Este ano a Comissão Europeia, que não tem mais nada que a preocupe, prepara-se para apresentar uma proposta oficial para uma Lei das Sementes, um projecto legislativo iniciado em 2008, que pretende regular a comercialização de sementes, com aplicação imediata em toda a União Europeia, sobrepondo-se às legislações nacionais, contrariamente às demais directivas europeias, que dão espaço de manobra aos países-membros.

Esta lei pretende ilegalizar todas as sementes que não sejam registadas nos Catálogos Nacionais de Variedades. Apenas exclui desta obrigação as sementes utilizadas na investigação ou em bancos oficiais de sementes e pretende proibir a troca informal e gratuita entre pessoas que não sejam criadores ou agricultores.

Mas afinal a quem pertencem as sementes? A toda a humanidade ou aos grupos económicos que as vão patentear? Não deixa de ser curioso que um património vegetal que evoliu livre e naturalmente durante milhões de anos, incluindo 10.000 anos de prática agrícola, sem nenhuma cataclismo, careça agora de ser “disciplinado e regulado” por meia dúzia de burocratas instalados na Comissão europeia! Estarão eles ao serviço das populações? Ou ao serviço dos grandes interesses instalados?

Esta proposta de lei constitui um ataque à agricultura de pequena escala, à agricultura de subsistência e às actividades de preservação de sementes tradicionais. Mesmo com a promessa de taxas de registo mais pequenas para a categoria de sementes chamada "tradicionais", os custos, que serão anuais, e as burocracias (inspecção no terreno, requisitos complexos para embalagens,..) a que a nova lei obriga, inviabilizariam a participação de pequenos “operadores” no mercado, mesmo quando não têm fins lucrativos! Isso significará o controle deste negócio pelos grandes operadores.

A nova lei para a comercialização de sementes vai efectivamente banir dezenas de milhares de variedades de sementes tradicionais e ameaça directamente a agro-biodiversidade do planeta, a agricultura de subsistência, a nossa soberania alimentar e até mesmo a nossa segurança alimentar. É a primeira legislação que se atreve a barrar o acesso a sementes para a produção local de alimentos. O pequeno agricultor, mesmo o mais pobre, ver-se-á obrigado a comprar as suas sementes no mercado, ano após ano, com o risco adicional de ver estes custos subir, devido à existência de oligopólios na produção de sementes comerciais.

Estes casos são apenas mais dois exemplos da ofensiva global dos grandes interesses económicos no sentido da apropriação e controle dos recursos do planeta para promoção do lucro fácil. Se pensarmos em todas as dificuldades e obstáculos colocados aos produtos da pequena produção local, facilmente chegaremos à conclusão que o propósito é a destruição dos produtores locais, dos mercados tradicionais e da agricultura de subsistência.

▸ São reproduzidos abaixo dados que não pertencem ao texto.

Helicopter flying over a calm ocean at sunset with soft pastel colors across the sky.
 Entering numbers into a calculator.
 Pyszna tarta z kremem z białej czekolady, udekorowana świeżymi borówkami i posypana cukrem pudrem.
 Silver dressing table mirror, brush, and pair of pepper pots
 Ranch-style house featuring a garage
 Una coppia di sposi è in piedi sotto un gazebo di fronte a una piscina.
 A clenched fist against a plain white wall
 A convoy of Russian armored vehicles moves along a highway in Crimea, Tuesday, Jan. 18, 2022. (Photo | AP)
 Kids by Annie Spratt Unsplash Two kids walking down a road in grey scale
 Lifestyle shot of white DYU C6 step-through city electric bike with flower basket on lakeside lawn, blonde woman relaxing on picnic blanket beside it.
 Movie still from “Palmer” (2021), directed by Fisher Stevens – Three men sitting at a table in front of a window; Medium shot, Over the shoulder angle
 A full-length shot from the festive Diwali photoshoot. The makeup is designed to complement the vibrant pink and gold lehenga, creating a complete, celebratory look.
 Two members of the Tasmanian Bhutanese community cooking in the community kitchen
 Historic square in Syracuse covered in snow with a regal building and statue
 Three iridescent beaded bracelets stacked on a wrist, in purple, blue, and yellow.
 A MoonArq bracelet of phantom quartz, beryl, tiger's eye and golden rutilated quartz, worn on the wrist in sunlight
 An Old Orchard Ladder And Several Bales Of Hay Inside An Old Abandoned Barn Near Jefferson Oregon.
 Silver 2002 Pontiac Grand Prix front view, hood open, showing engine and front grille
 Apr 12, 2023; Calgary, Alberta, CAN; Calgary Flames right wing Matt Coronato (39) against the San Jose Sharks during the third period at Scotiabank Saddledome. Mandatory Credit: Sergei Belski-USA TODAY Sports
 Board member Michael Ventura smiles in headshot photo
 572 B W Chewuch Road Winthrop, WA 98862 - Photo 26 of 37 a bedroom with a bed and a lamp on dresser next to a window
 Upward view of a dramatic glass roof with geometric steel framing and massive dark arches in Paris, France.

Curiosamente, enquanto as “policias” europeias tipo ASAE combatem ferozmente os pequenos produtores, as produções tradicionais e os mercados locais, grandes grupos económicos, nas suas barbas, misturam carne de vaca com carne de cavalo ou adulteram sabe-se lá mais o quê!

Portugal, por exemplo, transpôs para a legislação nacional mais de 90% das directivas relativas ao controle alimentar, mas apenas 10% das directivas produzidas para o combate à corrupção! É muito curioso e apenas mais um exemplo do curso dos acontecimentos.

Não nos admiremos pois, que um dia, patenteiem a água que bebemos, o ar que respiramos, o céu e o mar ou mesmo o Kamasutra, obrigando-nos a tirar licença para f*der. Não digam que eu não avisei!!

1 comentário:

dioguinho disse...

belíssimo texto rapazote.
a lei referente à agricultura não tenho estado a par. quanto a angelina jolie, a ser verdade, é algo a ser levado a peito. ahahah uma piada!